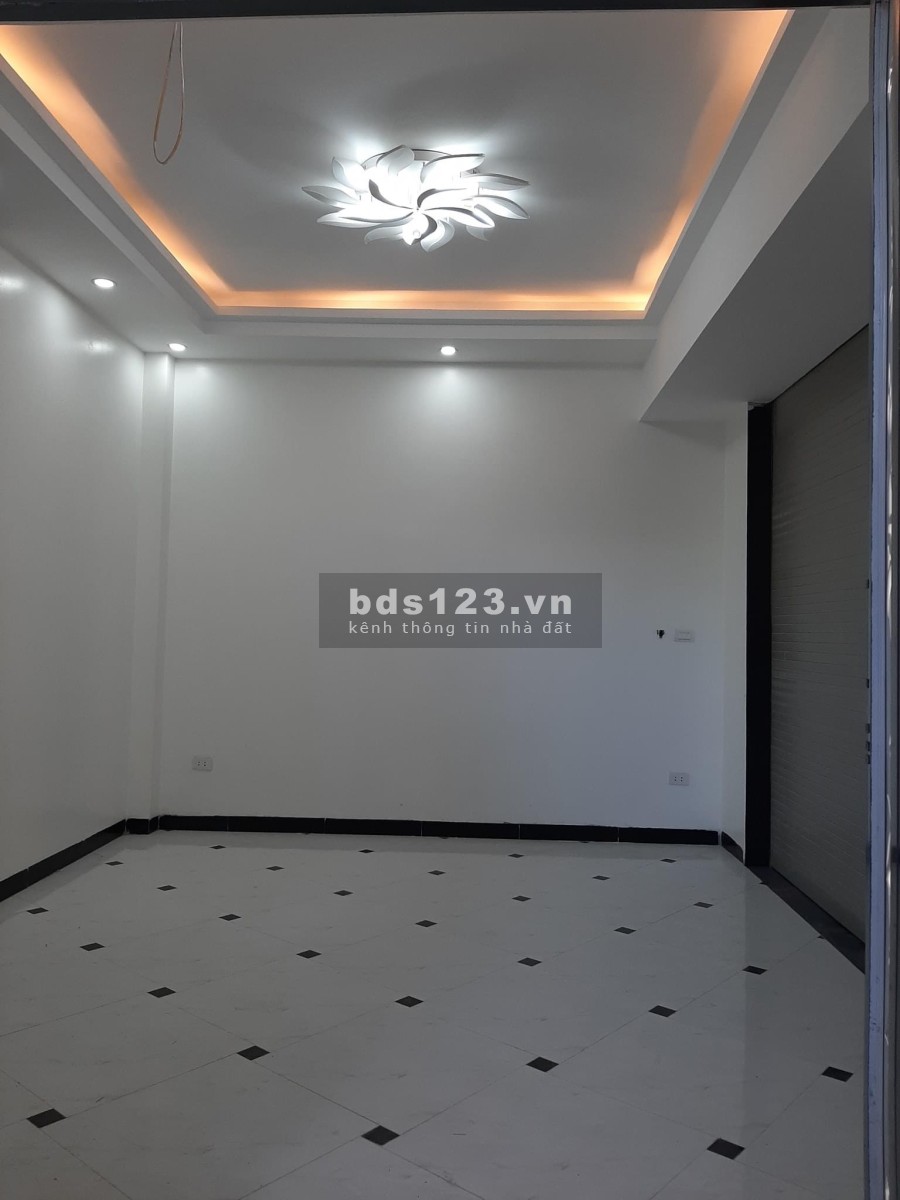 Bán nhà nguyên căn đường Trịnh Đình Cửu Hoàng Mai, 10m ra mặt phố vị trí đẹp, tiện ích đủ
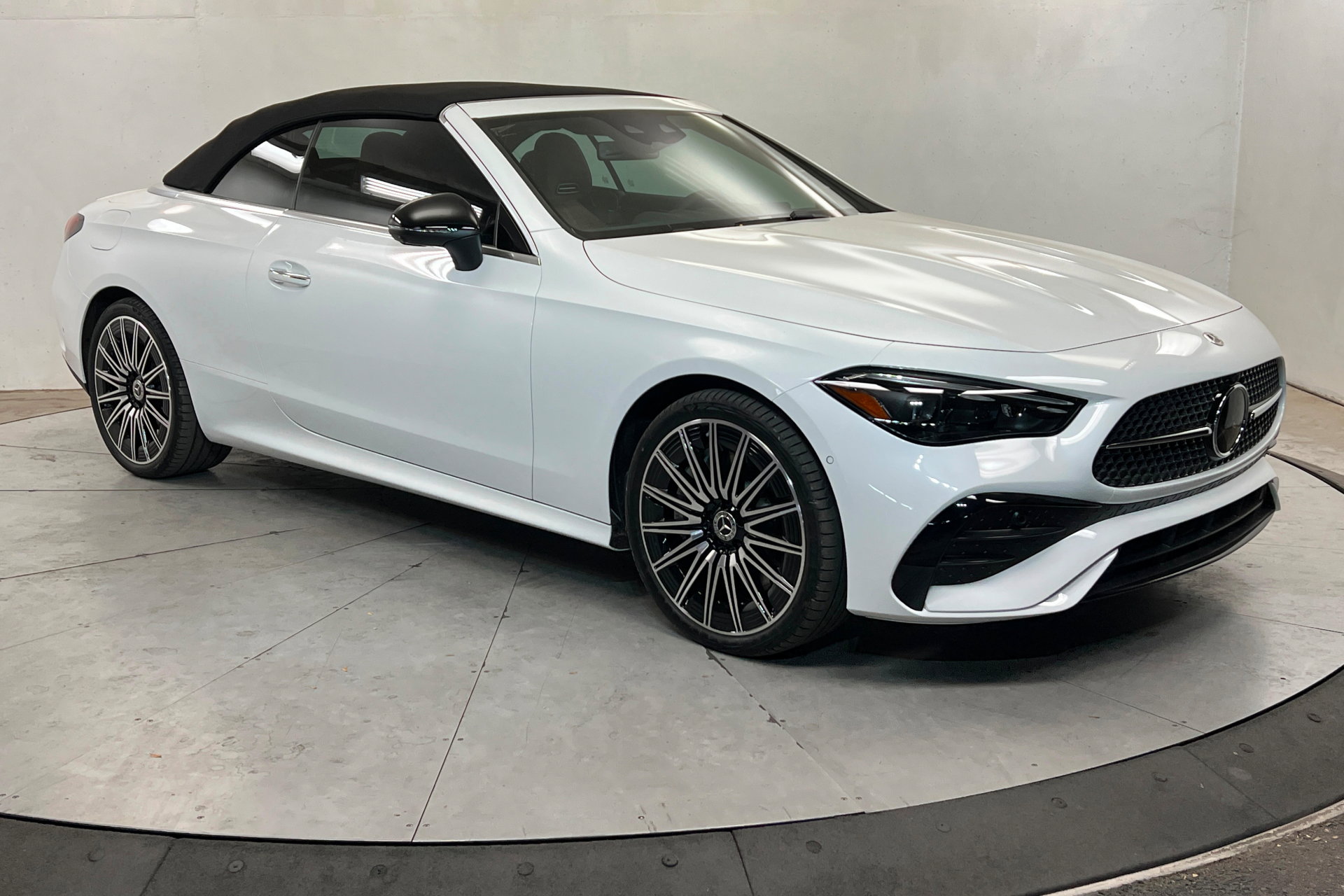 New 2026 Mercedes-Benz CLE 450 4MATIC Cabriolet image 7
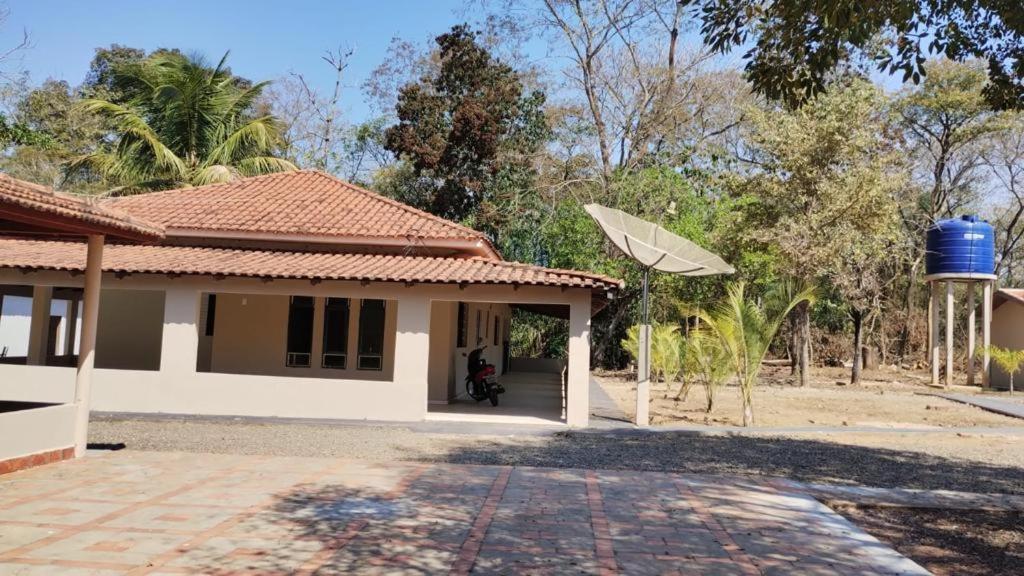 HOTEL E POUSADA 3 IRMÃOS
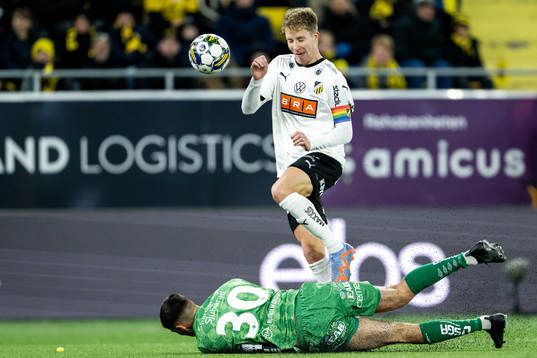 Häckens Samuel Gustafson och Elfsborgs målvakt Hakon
┄┄┄┄┄┄
= What you will do =
Once the pictures are removed, print all the remaining data exactly as it stands.

= Solution for this exercise =
 Bán nhà nguyên căn đường Trịnh Đình Cửu Hoàng Mai, 10m ra mặt phố vị trí đẹp, tiện ích đủ
 New 2026 Mercedes-Benz CLE 450 4MATIC Cabriolet image 7
 HOTEL E POUSADA 3 IRMÃOS
 Häckens Samuel Gustafson och Elfsborgs målvakt Hakon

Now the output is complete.